Таким образом, французскому министру-реформатору не нужно было быть ни в славянофильской школе, ни в русской казенной школе традиционного лицемерия, чтобы прийти к гениальной идее: отделить «волю» от «мнения», и, оставив в старых руках «силу власти», успокоить недовольное общество организацией его безвластного «мнения». Тюрго думал, что таким образом общество будет удовлетворено – «без всякой опасности». Такую же надежду питают и авторы Государственной Думы. Посмотрим, какие у них на это основания.
Из сказанного должно быть ясно, что, занявшись «начертанием» Государственной Думы, бюрократия на самом деле не исходила ни из свойств национального духа, ни из исторических прецедентов. По всему характеру своей деятельности она очень мало сродна такого рода историко-философским изысканиям. Она просто имела пред собой факты: свое пошатнувшееся положение – извне и внутри, возбужденное недовольное «общество» – наверху, революционную массу – внизу, и она сочла для себя выгодным пойти на уступки. Масштабом уступок должно было служить соотношение сил – ее собственных и ее врагов. Она брала это соотношение на свой старый канцелярский глазомер. Она рассуждала так: общественное мнение явно и притом окончательно вышло из-под ее ферулы; она не только не может уже, как при Николае I, [146] с презрением отказываться от похвалы подданных, она уже не в состоянии запретить им порицание. Но материальные орудия власти находятся пока еще в безраздельном ее распоряжении. Эту конъюнктуру, создавшуюся путем страшных трений и борьбы, учреждение Думы должно легализовать: хаотическое и враждебное «мнение» Дума должна организовать и придать ему более спокойное течение, введя его в бюрократический фарватер, а власть, право вязать и решать, она должна по-прежнему закрепить за старой корпорацией, раз эта последняя до момента сделки не выпустила вожжей из своих рук. Вот в простом и ясном выражении основы законодательных актов 6 августа.
146
Николай I (1796 – 1855) – русский император, отличавшийся особенной жестокостью и получивший в народе имя Николая Палкина. Восшествие на престол в 1825 г. было им ознаменовано кровавым подавлением декабристского восстания – первого революционного выступления прогрессивных слоев русского дворянства. Царствование Николая I характеризуется развитием военщины и доведением до абсурда военной дисциплины. Конец царствования Николая I (50-е годы) явился в русской истории периодом самой мрачной реакции. Николай I окончил свою жизнь, приняв яд, не желая подписать самолично мир с союзниками (Англией, Францией, Италией и Турцией), после взятия ими Севастополя.
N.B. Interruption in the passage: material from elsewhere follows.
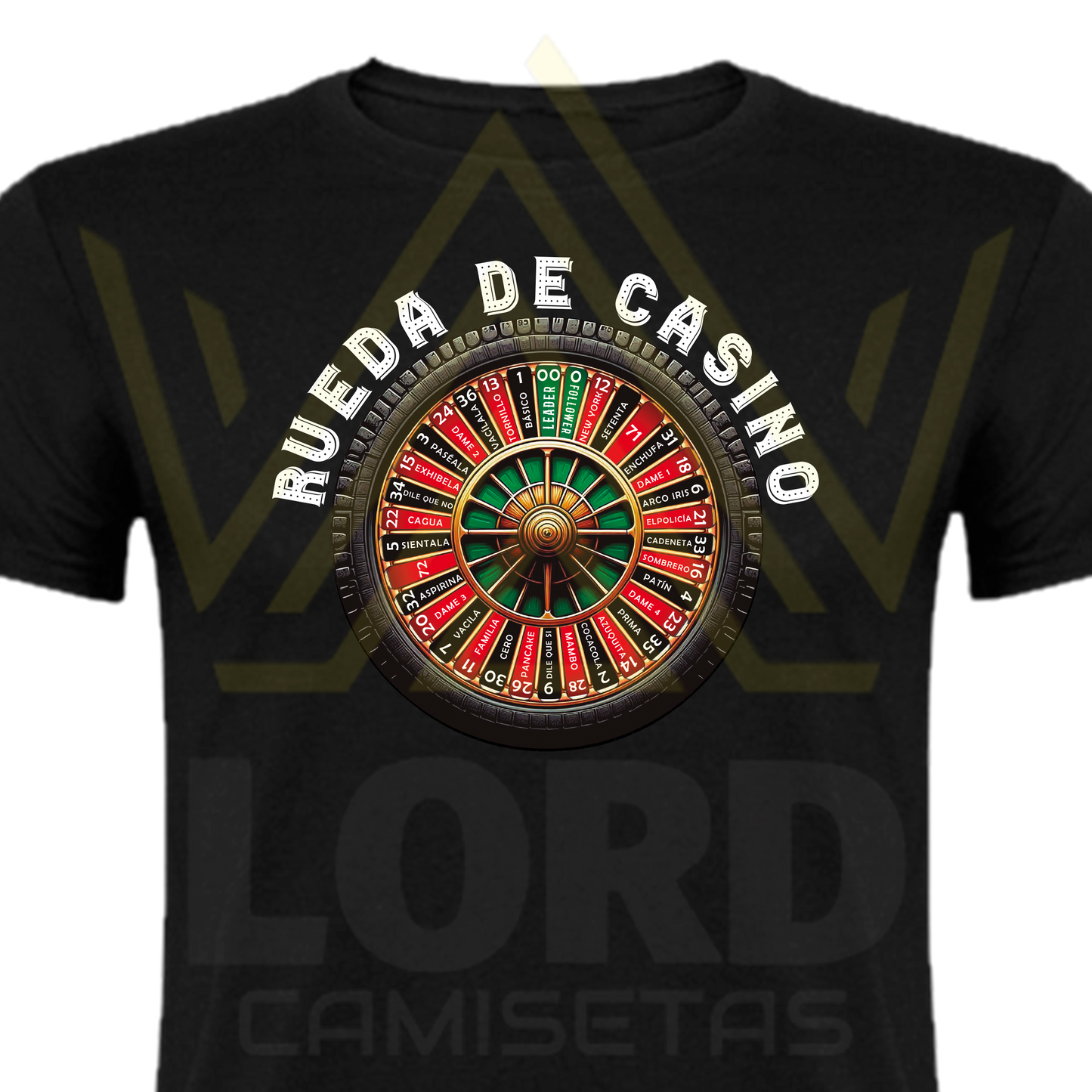 Camiseta Rueda de Casino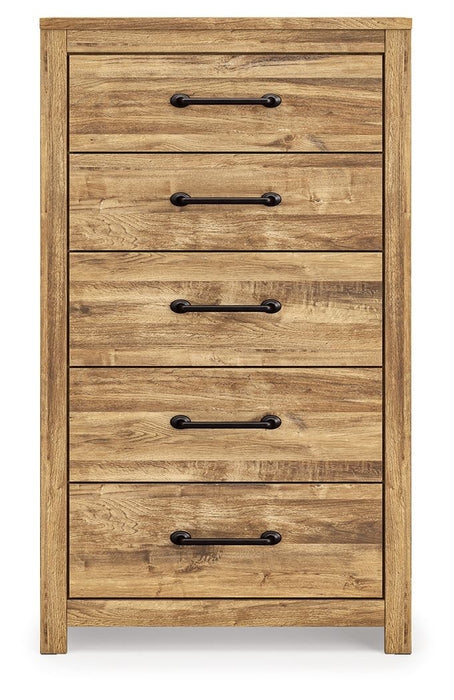Maystonna - Five Drawer Chest - Brown - Stylish Home Furniture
По замыслу, Дума должна восстановить государственный порядок, сохранив за правящей кастой ее верховенство. Но сможет ли она это сделать? Надо надеяться, что ни нам, ни авторам Думы не придется долго ждать ответа на этот вопрос.
«Грубее невозможно было ошибаться, – говорит, по поводу приведенных выше предположений Тюрго, умный и тонко мыслящий консерватор Токвиль. – В исходе революций, правда, часто оказывалось возможным безнаказанно делать то, что предлагал Тюрго, и, не даруя действительных вольностей, давать их призрак… Нация, утомленная продолжительными волнениями, охотно соглашается быть обманутой, лишь бы дали ей отдохнуть, и, чтобы удовлетворить ее в таких случаях, как показывает история, достаточно бывает собрать по всей стране известное число темных или зависимых личностей и заставить их играть пред нею за жалование роль политического собрания. Таких примеров было много. Но при начале революции подобные попытки всегда оканчиваются неудачей и только возбуждают народ, не удовлетворяя его» (Токвиль, «Старый порядок», русск. пер., стр. 164).